On one hand it is a game console. And I personally don’t care about those… I mean, a Computer Scientist does not have time to play games, isn’t it ???
On the other hand, the Playstation 3 is one hell of a machine according to its specs :
Let’s see.
It uses a Cell processor (jointly developed by Sony, IBM and Toshiba) which is, in fact, a PowerPC core running at 3.2 GHz dispatching tasks to 7 (yes, seven!) vector units each with its own 128 registers and its own memory… The Cell has been announced to perform at 218 GFLOPS compared to my latest AMD Athlon64 3000+ running at 4 GFLOPS. Of course, the question is whether application developers will be able to leverage this power but things depend a lot on the quality of the optimising compilers I suppose as no one now writes directly in Assembly code (especially for RISC architectures)
It also has a GPU from NVidia called the RSX which runs at a maximum of 1.8 TFLOPS (I am feeling dizzy…) and supports 2 channels of high-definition (HD) video.

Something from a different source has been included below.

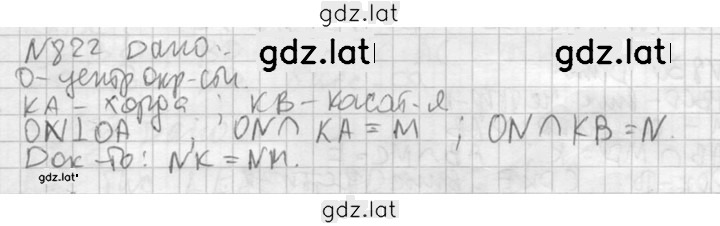 Решение задания № 822 — страница 1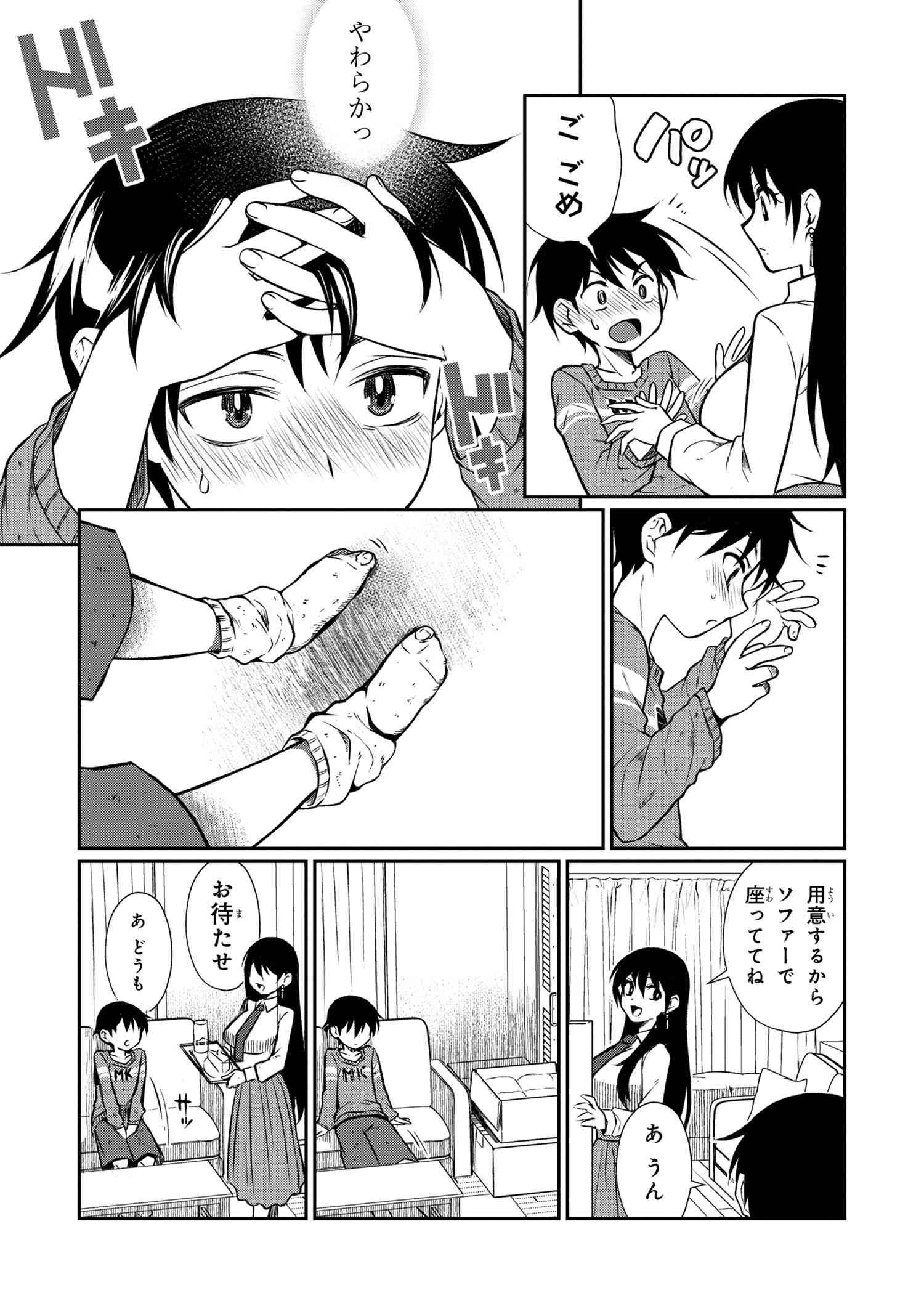 P28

Judging by some screenshots released by Sony, I can tell you that games will be photorealistic.
The Playstation 3 uses Blu-Ray Disc which can hold up to 25 Gb of data compared to the 4.7 Gb found on a single-layer DVD.
Finally, it also can handle up to 7 Bluetooth wireless appliances like a keyboard, a mouse, joypads and what not. It is also fully USB, Wi-fi and Ethernet capable.
The Playstation 3 has only 512 Mb of RAM though. And it does not have a hard-disc which is pretty disapointing.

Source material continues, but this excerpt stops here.